Movimento da Inflação entre os Países
O aumento da inflação não ocorreu de maneira uniforme. Em 13 dos 37 países com dados disponíveis, a inflação acelerou, enquanto nove registraram uma desaceleração e os demais mantiveram suas taxas estáveis. No entanto, o cenário geral demonstra um progresso no controle inflacionário, com 16 países apresentando taxas de inflação iguais ou inferiores a 2%. Entre os principais destaques, a Turquia e a Finlândia lideraram as altas mensais, enquanto a Noruega se destacou com a maior queda, impulsionada pela desaceleração nos preços de energia.
Situação no G7
Entre as principais economias globais, o G7 manteve a estabilidade com uma inflação anual de 2,1%. Observou-se um aumento apenas na França e na Itália, enquanto os Estados Unidos e o Reino Unido, que ainda operam acima da meta de 2%, não apresentaram variação durante o período.
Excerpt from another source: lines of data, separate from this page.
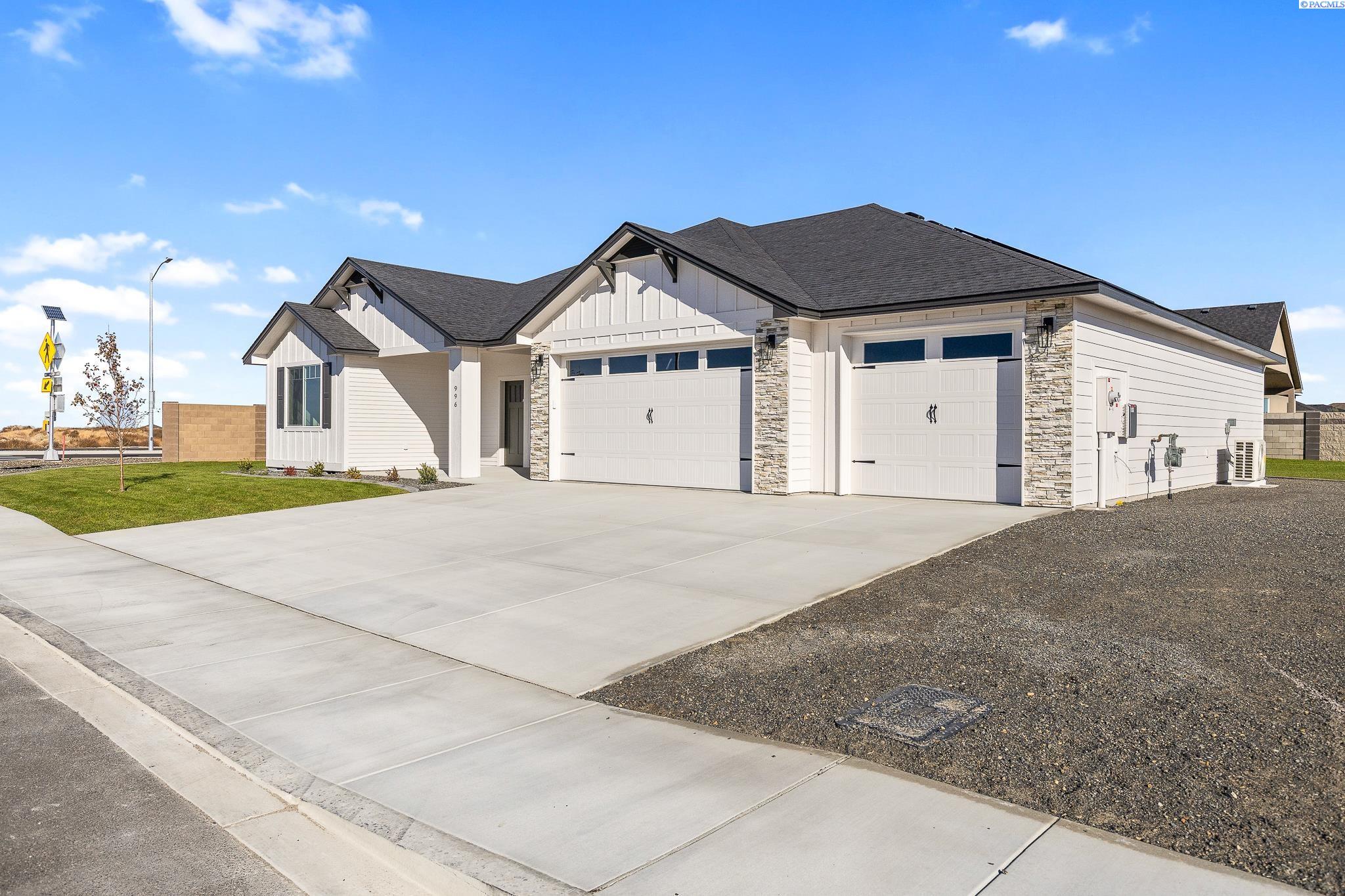 Homes for sale in West Richland, WA | 996 Miraflores Ave, West Richland, WA 99353 | MLS# 288350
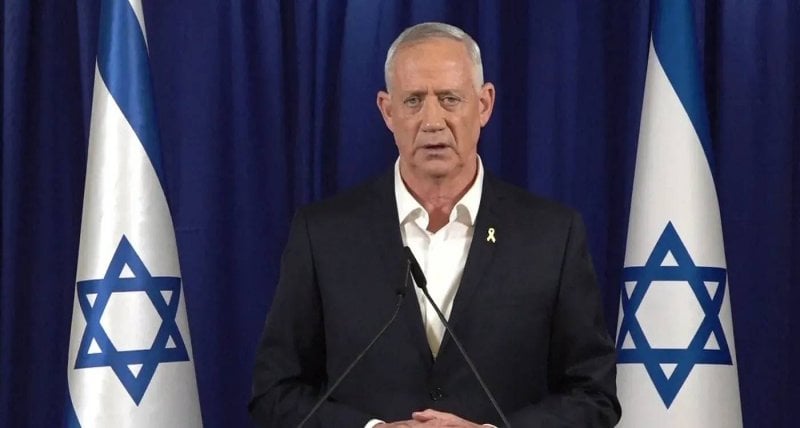 "زائف بالكامل"... غانتس ينتقد طلب نتنياهو للعفو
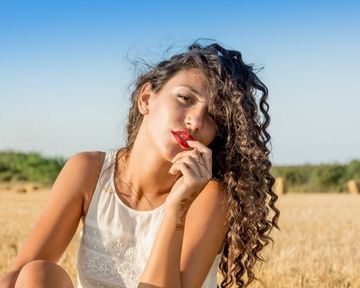 Curare i capelli ricci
A OCDE salientou que “a inflação subjacente continuou a ser o principal motor” do índice geral nas economias do grupo.
Zona do Euro e G20
Na zona do euro, a inflação subiu de 1,7% para 1,9% em fevereiro e deve acelerar para 2,5% em março, conforme previsões preliminares fornecidas pela Eurostat, sendo esta variação impulsionada principalmente pelo comportamento dos preços de energia. No contexto do G20, o índice elevou-se para 3,7%, marcando a primeira alta desde maio de 2024, com pressões inflacionárias advindas de grandes economias emergentes como China, Índia e Indonésia. Em contraste, países como Brasil e África do Sul estão apresentando indícios de alívio inflacionário.